Nelson Mitchell, CEO of HistoryMaker Homes, said his team wrote notes and scriptures of encouragement on the wood framing before workers attached the sheet rock.
Lee hopes the city finds a way to preserve her previous house, located nearby in Fort Worth, as a historical destination. She’s leaving all of her belongings there, she said.
Juneteenth remembrance
In the meantime, she and granddaughter Dionne Sims have their hands full erecting a National Juneteenth Museum.
On June 19, 1865, Union troops arrived in Galveston, carrying with them the news that enslaved people had been freed. President Abraham Lincoln had signed the Emancipation Proclamation 2½ years prior.
Since then, Juneteenth has long been celebrated in Black communities, including in Marshall, Lee’s hometown in East Texas, bringing people together.
The community has raised about $33 million for the $70 million museum, Lee said, which will open on the corner of Rosedale and Evans in 2026. She plans to travel the country soon to raise more money.
In an interview with The Dallas Morning News Friday morning, Lee said she was delighted and eager to make her new house a home – and introduce herself to the neighborhood.
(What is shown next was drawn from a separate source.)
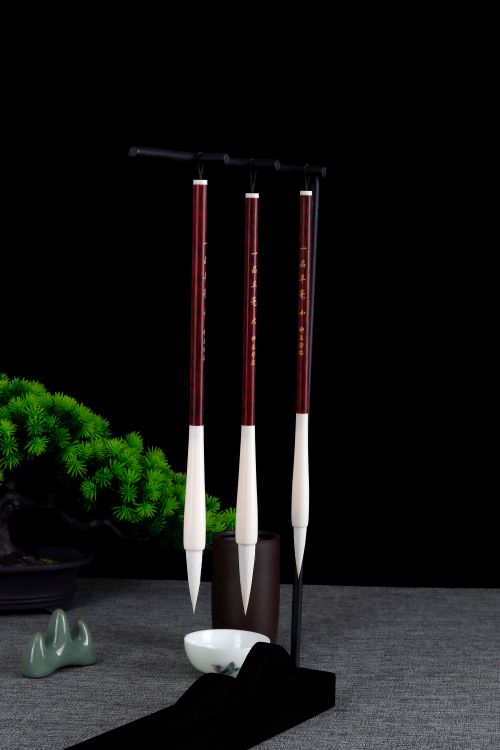 Free A sophisticated set of hanging calligraphy brushes with a bonsai backdrop, perfect for artistic inspiration. Stock Photo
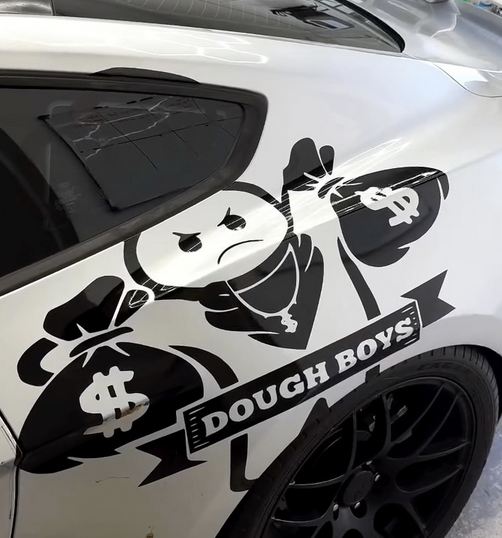 Black Dough Boys graphic on a white car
Lee’s family never got the chance to meet their neighbors in 1939, she said. Soon, she wants to host a house-warming party and invite the neighborhood.
“I want to meet my neighbors, first thing,” Lee said. “I want to do a house-warming, something to invite them in. I want them to know that I’ll make a good neighbor.”
After the speeches and ceremony, Lee took nothing but her blue toothbrush and new key through the front door.
Only friends and family followed her inside as they saw the home for the first time.